**Task item**
Give all the lines below again, exactly, with no pictures.

**Given material**

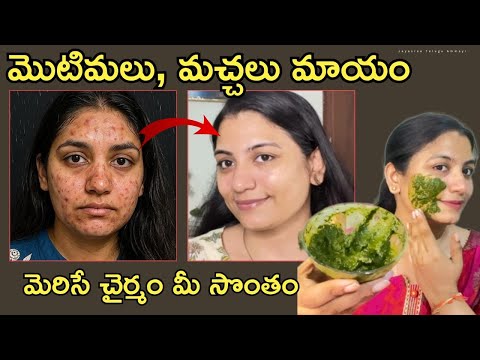 😱 మొటిమలు, మచ్చలు  మాయం చేసి ముఖం మృదువుగా చేసే నాచురల్ PACK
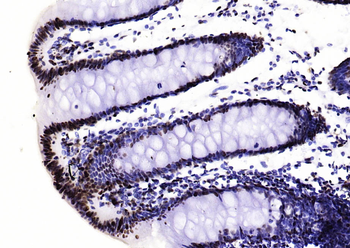 Histone H3 (di methyl K36) Mouse Monoclonal Antibody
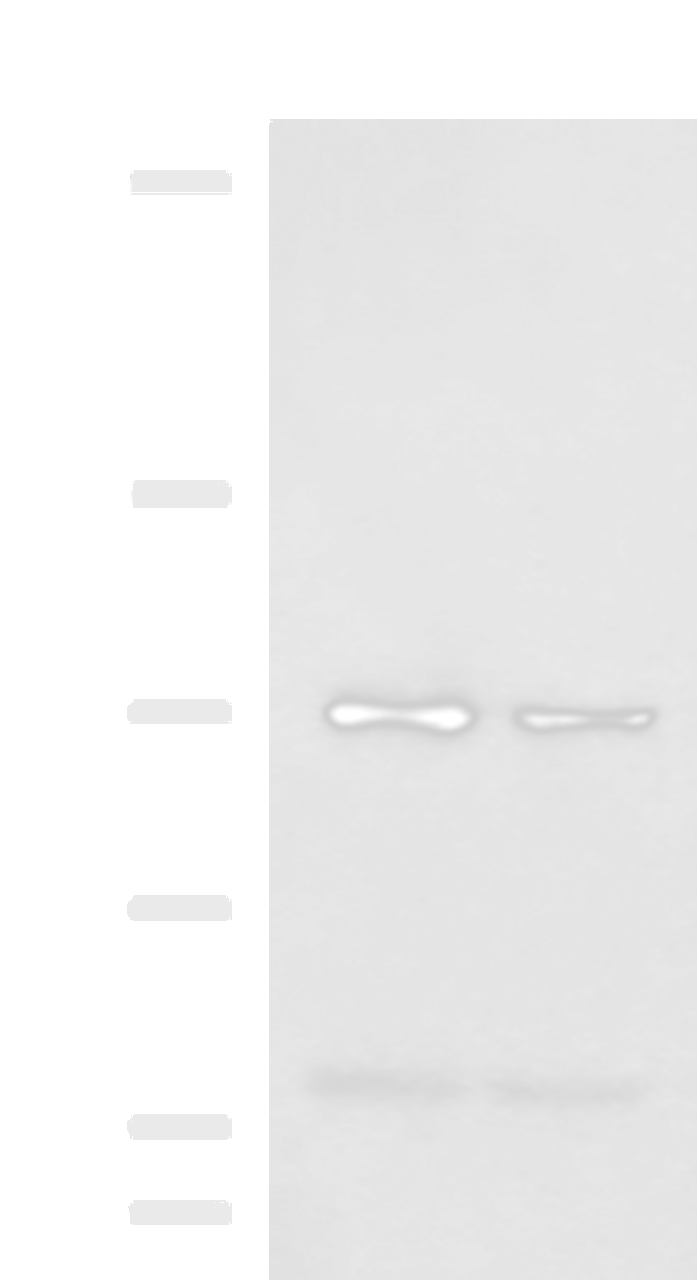 Western blot analysis of 293T and Jurkat cell lysates  using NVL Polyclonal Antibody at dilution of 1:1000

**Reply to the task**
 😱 మొటిమలు, మచ్చలు  మాయం చేసి ముఖం మృదువుగా చేసే నాచురల్ PACK
 Histone H3 (di methyl K36) Mouse Monoclonal Antibody
 Western blot analysis of 293T and Jurkat cell lysates  using NVL Polyclonal Antibody at dilution of 1:1000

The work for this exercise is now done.